Cutting drugs to people with dementia is perverse when they have been promised better care, writes Neil Hunt
It’s been hard to miss the furore surrounding the National Institute for Health and Clinical Excellence’s (Nice) decision to deny drug treatments to people in the early and late stages of Alzheimer’s disease because of cost.
This is a clinically perverse decision that may set the care of people with this debilitating disease back decades. Remarkably, on the same day as this decision came into force, Nice and the Social Care Institute for Excellence released new guidelines on the care of people with all types of dementia.
The cynic in me can’t help but be angered at this botched policy making, talking about improving care on one hand and snatching away drug treatments that can improve people’s quality of life with the other.
However, amid this confusing debacle there was a glimmer of hope for people with dementia.
Nice hailed the dementia care guidelines as a great opportunity to integrate health and social care.
Integrating services is a well-worn mantra, but it is far from a reality for thousands of people with dementia who often fall between the cracks of this artificial service divide. It is great news that Nice has this as a key priority, but we must make sure that this isn’t just another set of guidelines that gather dust on people’s shelves.

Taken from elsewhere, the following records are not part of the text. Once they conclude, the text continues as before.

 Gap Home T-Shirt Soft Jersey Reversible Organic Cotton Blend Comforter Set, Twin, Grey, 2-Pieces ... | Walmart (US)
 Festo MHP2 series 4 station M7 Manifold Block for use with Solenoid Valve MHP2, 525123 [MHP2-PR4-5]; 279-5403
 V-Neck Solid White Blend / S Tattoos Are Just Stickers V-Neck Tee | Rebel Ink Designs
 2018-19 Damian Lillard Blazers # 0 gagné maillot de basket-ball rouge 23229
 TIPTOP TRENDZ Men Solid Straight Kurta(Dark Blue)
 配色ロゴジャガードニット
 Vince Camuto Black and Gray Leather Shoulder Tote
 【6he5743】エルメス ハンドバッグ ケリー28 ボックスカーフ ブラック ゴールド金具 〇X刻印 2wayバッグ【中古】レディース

The guidelines identify nine priorities for dementia care. The highest priority must be training of all staff caring for someone with dementia. In care homes more than 75 per cent of people have dementia yet it is a shocking indictment that only 10 per cent of care staff will have had any dementia care training.
Putting these policies into practice could really change dementia care for the better, not just for those affected, but also for people working in the field. But we all know that we are likely to see drug cuts before we see service investment. The number of people with dementia is expected to double to 1.8 million by 2040 and they deserve both care and treatment. It’s time the government made dementia a health priority.